WORK INSTRUCTIONS
Print out every line of the material exactly. Include no pictures.

PROVIDED MATERIAL
****************************************
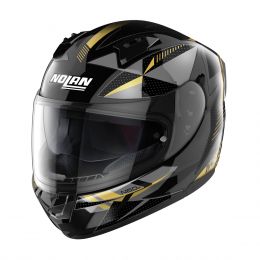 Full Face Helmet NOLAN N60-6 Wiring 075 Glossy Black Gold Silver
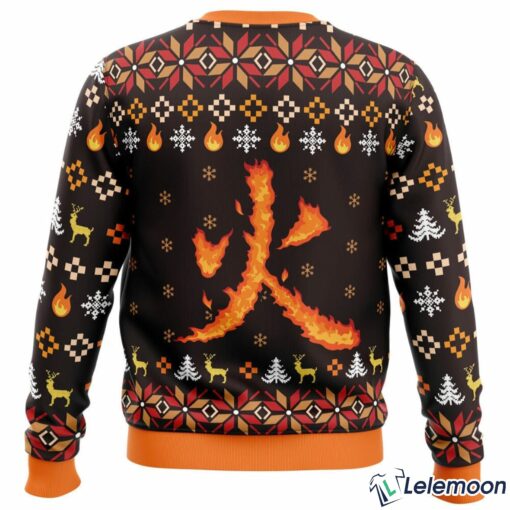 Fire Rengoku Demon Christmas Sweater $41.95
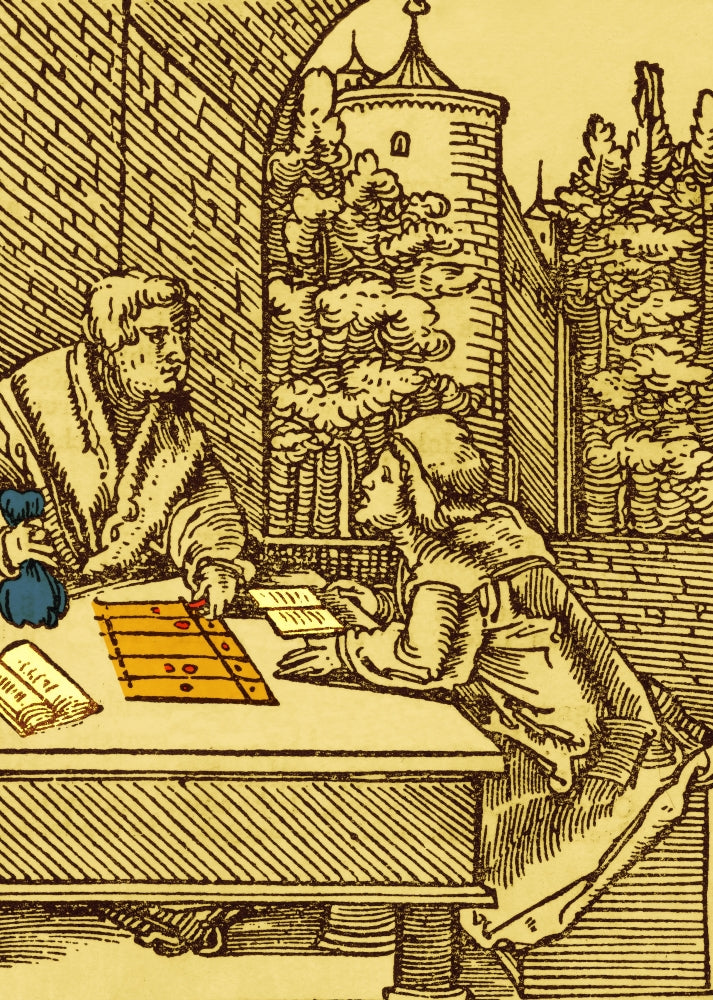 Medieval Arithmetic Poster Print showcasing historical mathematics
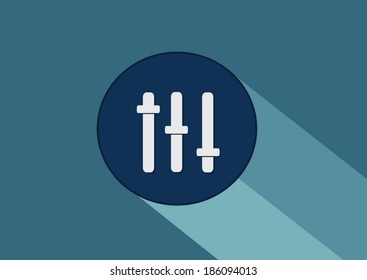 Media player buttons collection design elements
****************************************
WRITTEN ANSWER
 Full Face Helmet NOLAN N60-6 Wiring 075 Glossy Black Gold Silver
 Fire Rengoku Demon Christmas Sweater $41.95
 Medieval Arithmetic Poster Print showcasing historical mathematics
 Media player buttons collection design elements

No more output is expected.